What if I told you that suing companies doesn’t necessarily require you to prove damages or find an injured client? By identifying everything as advertising fraud, lawyers can take anything—a watchdog report, a new or vague FDA regulation, a distant report of actual injuries—and turn it into a class suit.
The ease of advertising fraud claims has led to skyrocketing numbers of suits. A proposed New York law would make them even easier.
The model of a consumer fraud lawsuit is simple: A company makes a claim about its product, consumers buy the product because of the claim, but the claim was unsupported—if not downright misleading—so consumers sue to get their money back.
For example, in 2008, makers of the herbal supplement Airborne paid a $23 million settlement to customers who purchased the product because of false claims that it could prevent colds. Reasonable enough.

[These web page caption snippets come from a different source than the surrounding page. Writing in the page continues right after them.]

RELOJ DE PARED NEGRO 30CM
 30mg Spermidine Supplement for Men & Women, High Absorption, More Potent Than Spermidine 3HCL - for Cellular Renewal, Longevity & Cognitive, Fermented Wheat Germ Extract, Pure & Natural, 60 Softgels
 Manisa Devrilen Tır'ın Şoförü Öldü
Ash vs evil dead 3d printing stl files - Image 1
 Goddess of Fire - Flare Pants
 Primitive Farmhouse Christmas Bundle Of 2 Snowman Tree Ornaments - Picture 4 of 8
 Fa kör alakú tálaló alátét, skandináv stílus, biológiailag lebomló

The success of this model now drives a booming industry. By one estimate, class consumer fraud suits in New York trebled between 2017 and 2021. This isn’t the result of a sudden spike in commercial misinformation. Instead, plaintiffs’ lawyers are increasingly converting other kinds of litigation into advertising fraud lawsuits.
Rather than pursue individual personal injury claims, for example, consumers sued a cosmetics company for mislabeling its face masks, claiming the company labeled them as suitable for the skin when they caused skin irritation for some consumers.
Consumers also enforce FDA labeling laws, with scores of lawsuits over tiny deviations from complex regulations. For instance, one current suit targets the maker of the beverage Emergen-C over whether its “natural flavors” claim is false if the product contains malic acid.
A new trend is to use advertising fraud to sue over the presence of chemicals in products—for example, lead in dark chocolate. A decade ago, these suits would have been brought under California’s Proposition 65, which allows consumers to sue if a product contains certain chemicals without displaying a Proposition 65 warning. But such lawsuits are technical and require that the attorney hire an expert pre-suit. Advertising lawsuits have no such barriers to entry.
These new suits generally rest on vague and conclusory allegations that the companies falsely or intentionally mislabeled their products. For example, the dark chocolate sellers made no explicit claims about the chemical makeup of their product. Indeed, no sane chocolate company would advertise its candy as lead-free.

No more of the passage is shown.